Himes announced his candidacy on April 19, 2007, quickly receiving endorsements from several political action committees. His campaign was targeted by the Democratic Congressional Campaign Committee (DCCC) as a potential flip; indeed, he beat Republican incumbent Christopher Shays by a slim margin of 4 percentage points and has held the seat since. The figure in slide 1 shows vote counts by party in every election subsequent for this seat. Two patterns emerge that are consistent with broader literature. First, turnout was higher in presidential election years. Second, as a Democrat, Himes faced tighter races in Obama’s midterm years (2010 and 2014); we see tighter spreads in those years. (The President’s party typically underperforms in midterms.)
This slide cites literature that we have reviewed in class, mostly focusing on understanding systematic relationships between district-level characteristics and representatives’ propensity to vote for restrictive or permissive immigration policies. Multivariate analyses from Tom Wong and others find consistent patterns; members’ political party can predict these outcomes better than any other variable. However, party is downstream of properties of the district, and none of these studies directly measured constituents’ opinions on immigration. We might wonder then, whether it is in fact party, or instead these unobserved upstream properties, that are truly causing more or less restrictive floor votes. For that reason, we especially care about individual cases when investigating this question. Demographic characteristics like percentage of Hispanics or percent foreign-born are found to be significant, but with very weak point estimates, in Wong’s regressions (2014). This suggests these factors might retain salience in individual cases.
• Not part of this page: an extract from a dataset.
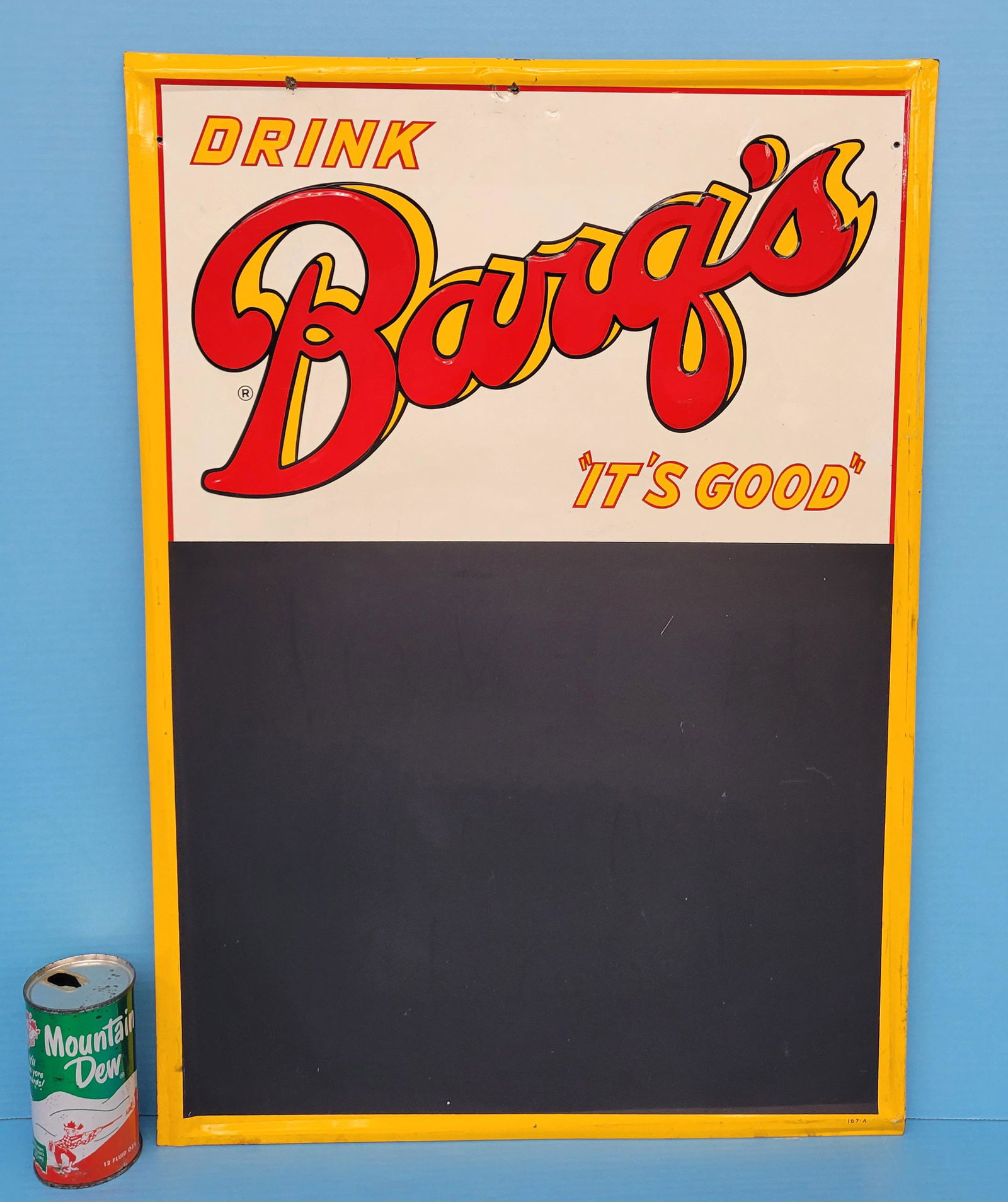 Drink Barq's It's Good Embossed Metal Menu Board (1 of 2)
CT-4’s characteristics predict Himes to be quite liberal on immigration. The district is suburban and generally well-educated. It has a higher proportion of registered Democrats and a higher median income than the national average. Himes is nonetheless relatively conservative among House Democrats. His DW-NOMINATE score is -0.241, making him more liberal than 54% of the House, and more conservative than 84% of House Democrats. (source: Voteview) The relative wealth of CT-4 is perhaps the best explainer for this score; as former chair of the New Democrat Coalition, Himes has made clear his commitment to “pro-growth” policies including lower taxes. This neoliberal outlook would presume a preference for more open immigration policies, too.
Himes is active on Twitter, but not particularly so with respect to immigration. He has mostly criticized the President’s border wall proposal, arguing that it is ineffectual. On his website, he expresses a commitment to border security, along with a path to legalization for undocumented immigrants “in order to ensure that everyone pays their full and fair share of taxes.” Himes is not a legislative leader on the issue of immigration, as you can see in the top right hand corner of slide 4; his only sponsored bill was defeated in 2010. He has only broken with House Democrats a couple times on immigration votes: once in 2012 re: skilled immigration, and once in 2018 on a symbolic resolution about the voting enfranchisement.